Give back the lines below exactly, but do not include any pictures.

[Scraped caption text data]
• • • • • • •
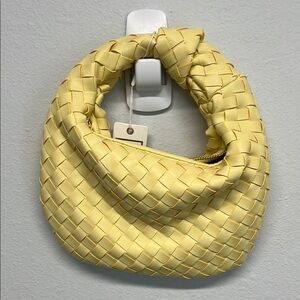 Urban Expressions | Buttery Yellow Faux Leather Woven Hobo Bag 💛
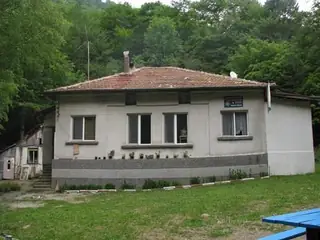 Хижа "Балкански рози" — Карлово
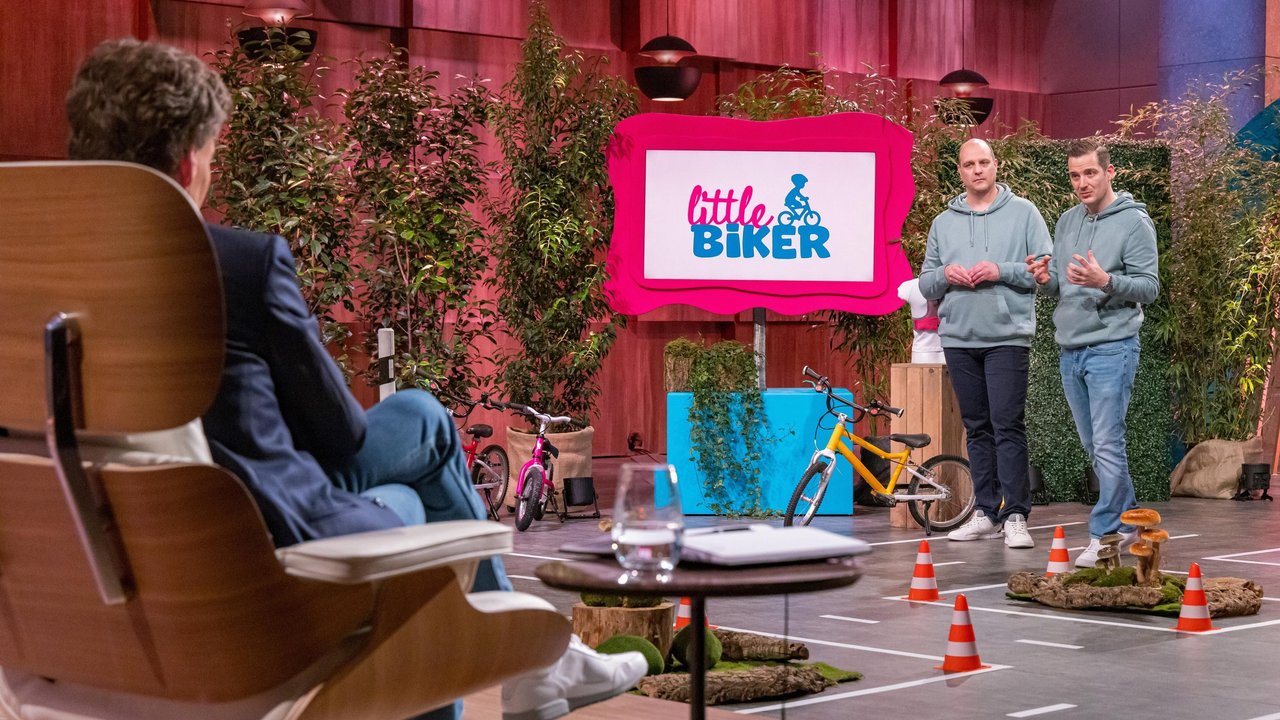 Steffen Gross (l.) und Jan Hass präsentieren den "Löwen" die Fahrradlernweste little Biker. Sie erhoffen sich ein Investment von 150.000 Euro für 25 Prozent der Firmenanteile.
+++ Die Verwendung des sendungsbezogenen Materials ist nur mit dem Hinweis und Verlinkung auf RTL+ gestattet. +++ Steffen Gross (l.) und Jan Hass präsentieren den "Löwen" die Fahrradlernweste little Biker. Sie erhoffen sich ein Investment von 150.000 Euro für 25 Prozent der Firmenanteile.
+++ Die Verwendung des sendungsbezogenen Materials ist nur mit dem Hinweis und Verlinkung auf RTL+ gestattet. +++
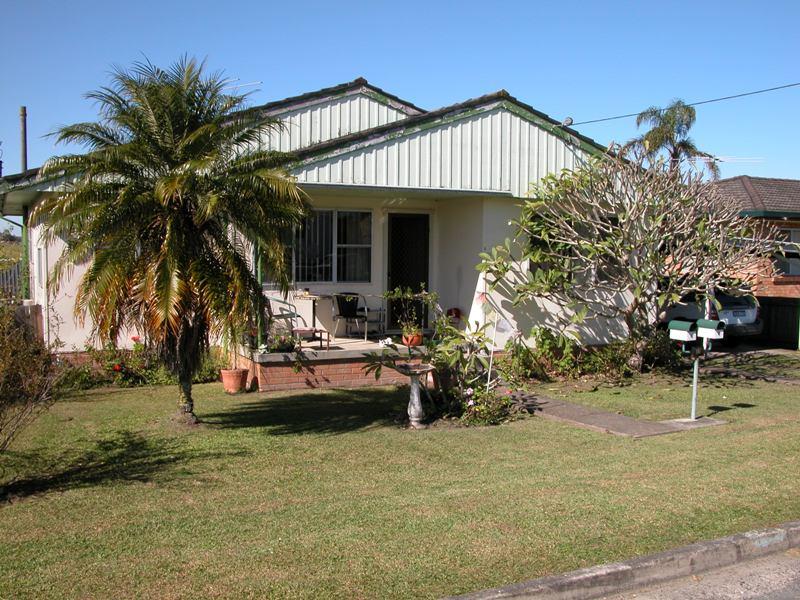 37 East Street, Macksville, NSW 2447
• • • • • • •
(Expected output):
 Urban Expressions | Buttery Yellow Faux Leather Woven Hobo Bag 💛
 Хижа "Балкански рози" — Карлово
 Steffen Gross (l.) und Jan Hass präsentieren den "Löwen" die Fahrradlernweste little Biker. Sie erhoffen sich ein Investment von 150.000 Euro für 25 Prozent der Firmenanteile.
+++ Die Verwendung des sendungsbezogenen Materials ist nur mit dem Hinweis und Verlinkung auf RTL+ gestattet. +++ Steffen Gross (l.) und Jan Hass präsentieren den "Löwen" die Fahrradlernweste little Biker. Sie erhoffen sich ein Investment von 150.000 Euro für 25 Prozent der Firmenanteile.
+++ Die Verwendung des sendungsbezogenen Materials ist nur mit dem Hinweis und Verlinkung auf RTL+ gestattet. +++
 37 East Street, Macksville, NSW 2447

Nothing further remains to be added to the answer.